Sunday, June 23, 2013

Headwaters of the Missouri River

Headwaters of the Missouri River -
Madison River on left merges with
Jefferson River on right to form the
We decided to do something other than Yellowstone this weekend. Those that have followed our journey over the last few years may remember that we were in Montana two years ago when we went to Glacier National Park and did a lot of exploring in northwestern Montana. We were on the Missouri River in Fort Benton for a while where we explored and learned about the travels and discoveries of the Lewis and Clark Expedition in Montana. We didn't get much further south than the Great Falls area on that trip even though we really wanted to see the headwaters of the Missouri which was a primary objective of that expedition. It was just too far off our planned trip at the time.

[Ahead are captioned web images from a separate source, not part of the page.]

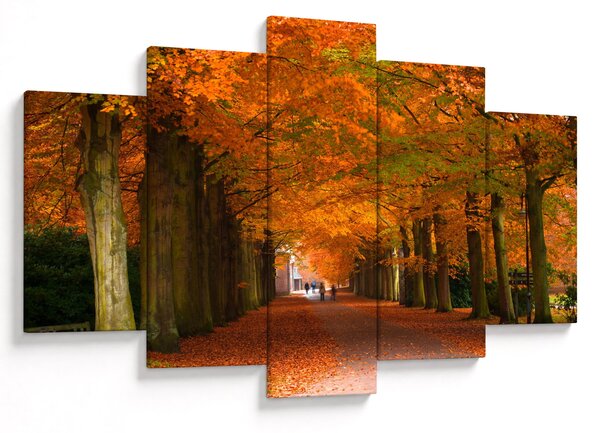 Kép - A Avenue of fák ősszel (150x105 cm)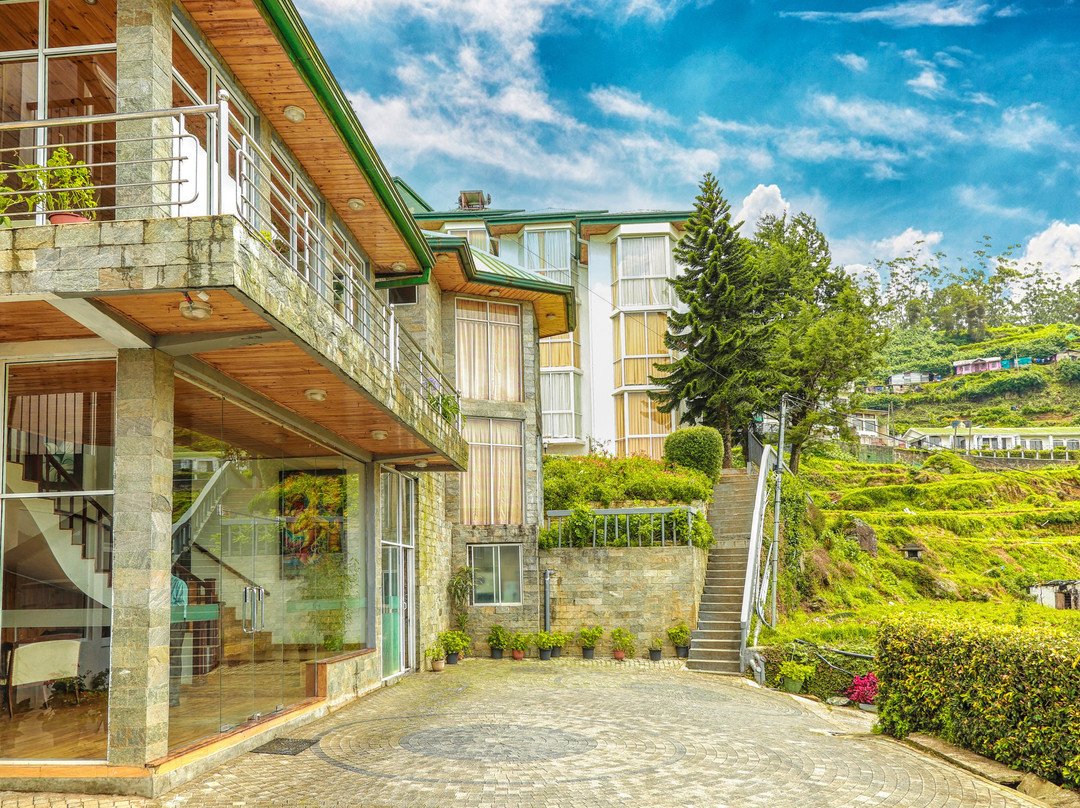 Oak Ray Summer Hill Breeze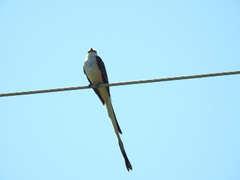 Tyrannus forficatus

Headwaters from a  higher viewpoint
 On this year's trip to Montana we are at the southern tip of Montana so now we are way south of some of the things we want to see. On Saturday we drove about 100 miles north to Three Forks Montana to see the headwaters of the Missouri River. This gave us a fulfillment both in meeting a goal from two years prior but also it was satisfying in that we used to live in St. Charles MO where the river completes it's journey and joins the mighty Mississippi. We've now seen both ends of the great river (including witnessing the huge floods of 1993 when we lived there).
Gallatin River - it joins in a mile
downstream in distance

The official headwaters is where the Madison and Jefferson Rivers join together and about a half mile downstream the Gallatin River also joins. All three of these rivers are fairly good size which gets the Missouri off to a substantial start from it's very beginning. Over the last month we have become familiar with the Madison and Gallatin Rivers because they both start from within Yellowstone at or near the Continental Divide and roads run along them for miles. It was interesting to learn that the end of those formed the Missouri. Seeing the size of both the Madison and Jefferson Rivers I immediately wondered why Lewis and Clark gave them new names rather than just saying one of them was the Missouri (probably the Jefferson because it heads more westerly which was their objective). It appears that question was debated by them and they decided to go with this being the start of the Missouri so they gave new names to the rivers they found. I had always imagined a small stream slowly growing larger and larger to form the Missouri River but that is not the case unless we consider the origins of the Madison and Jefferson Rivers. Here is a link to the Wikipedia write-up for this state park. It references the debate.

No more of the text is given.